All’inizio del pranzo il metropolita Amvrosios ricorda ancora la nostra comunità, e brevi parole salutano tutti i presenti: si affretta l’ora del rientro a Bose…
Mons. Emilianos lascia in consegna l’amicizia tra la comunità ortodossa di Eghion e la comunità di Bose come realtà concreta e come parabola, come piccolo, possibile ponte tra oriente e occidente fatto di rapporti non generici, ma personali, che siano attenti alle piccole cose, rispettosi delle peculiarità e dei doni di ciascuno. Lui, che ricordava spesso le parole del grande patriarca Athenagoras: “Forse abbiamo dimenticato una cosa: l’umanità di Cristo”, ci lascia in eredità, in fondo, il segreto della vita: l’amicizia, come ragione e gioia di vivere nell’oggi, e come semente, come profezia e caparra della realtà che verrà, di un domani già poveramente presente nelle nostre storie così modeste e umane.

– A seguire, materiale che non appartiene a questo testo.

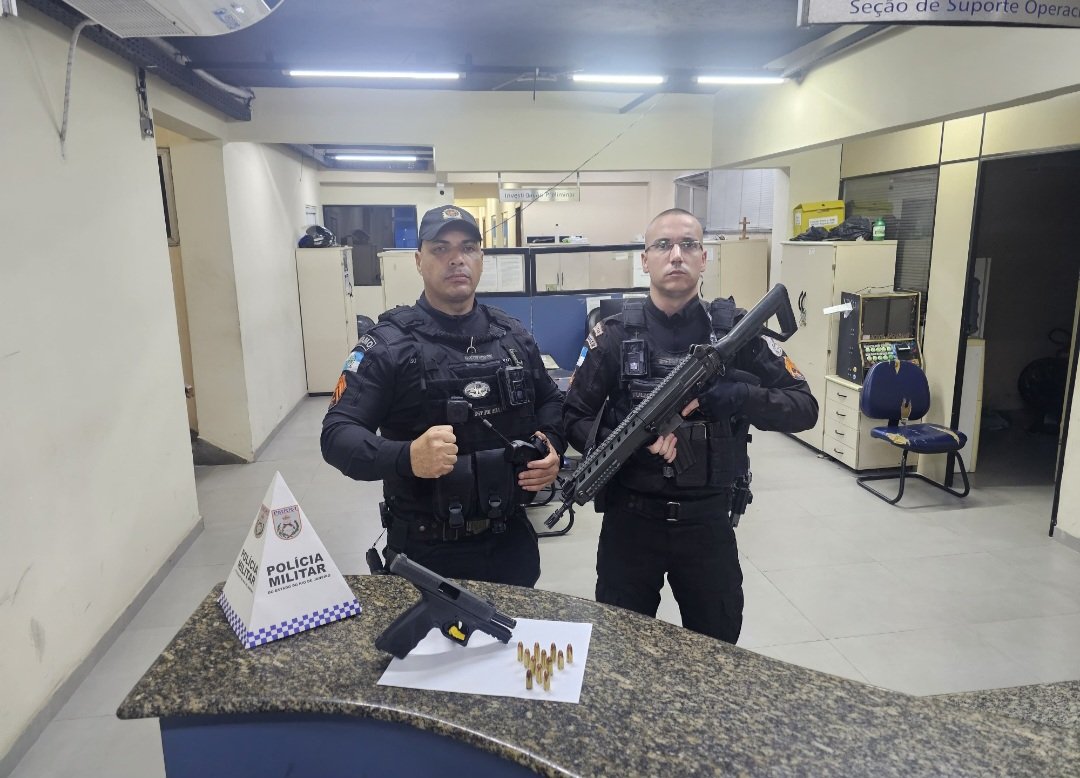 Homem é preso em flagrante com pistola e munições em Angra dos Reis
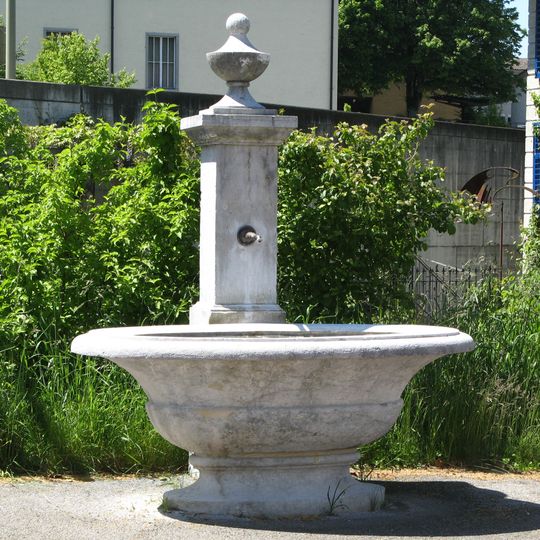 Aabachbrücke fountain
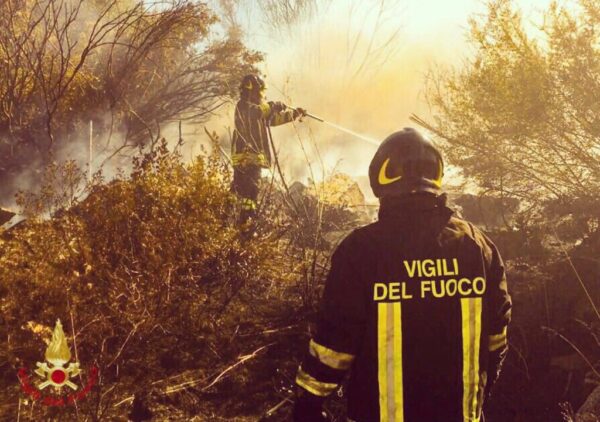 Calabria devastata dagli incendi, ancora un morto: trovato un corpo carbonizzato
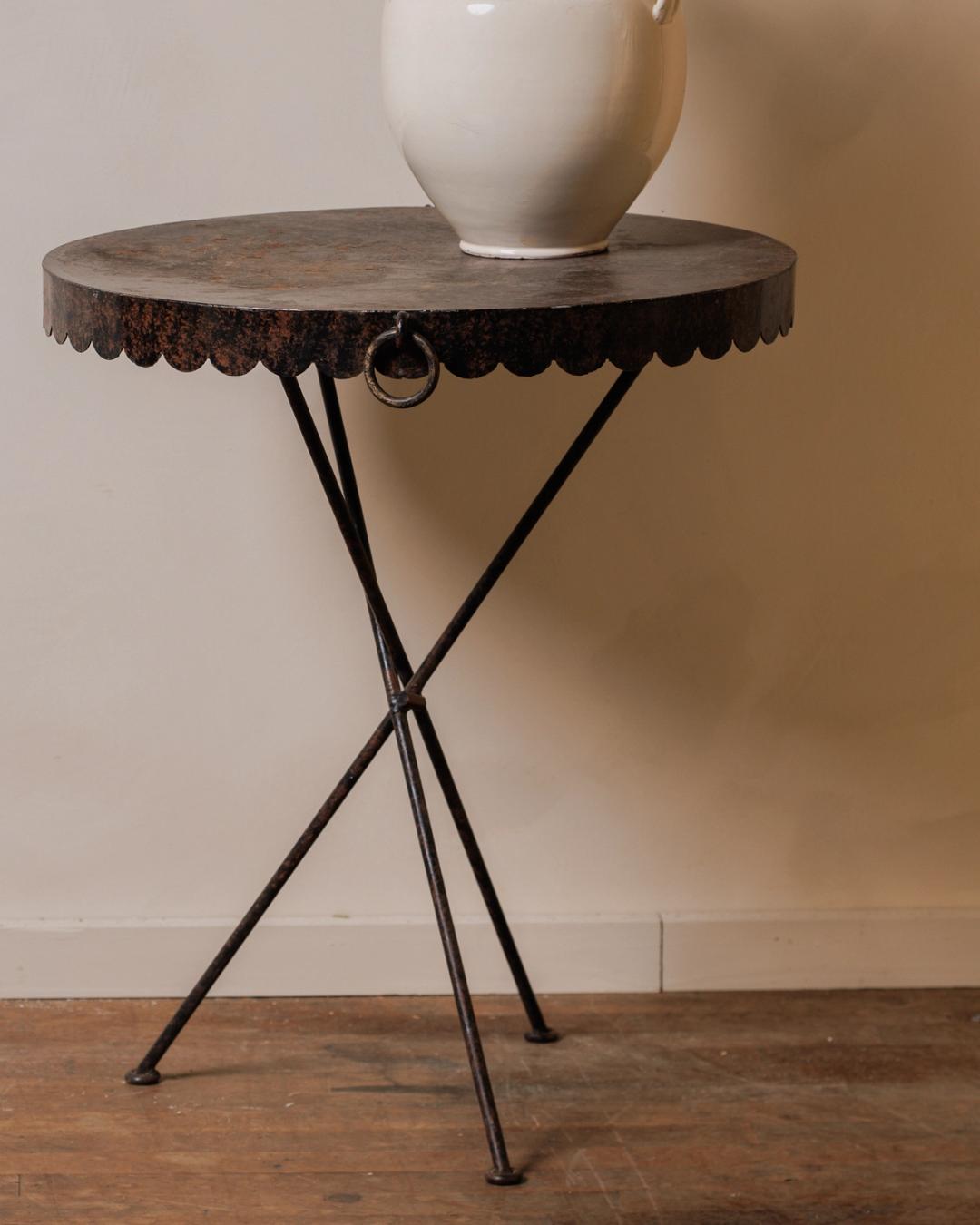 Scallop Garden Table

È un grande dono e una grande responsabilità per la nostra comunità.
Sulla via del ritorno ad Atene con direzione l’aeroporto, in compagnia del vescovo Athenagoras e di p. Vassilios di Eghion, amici fedeli, sulla strada lungo il mare - con all’orizzonte Corinto, Megara, Salamina – è viva la sensazione di una presenza ( quella di Emilianos) che permane, che non abbandona: “Mio Dio, mi hai chiamato, come potrò andarmene?”(O. Elytis).
E la luce del vespro avvolge pian piano le cose, luce della memoria e dell’amore.
Grazie per questo ineffabile dono. Grazie metropolita Emilianos! Preghi per noi, e sostenga tutti con la sua intercessione!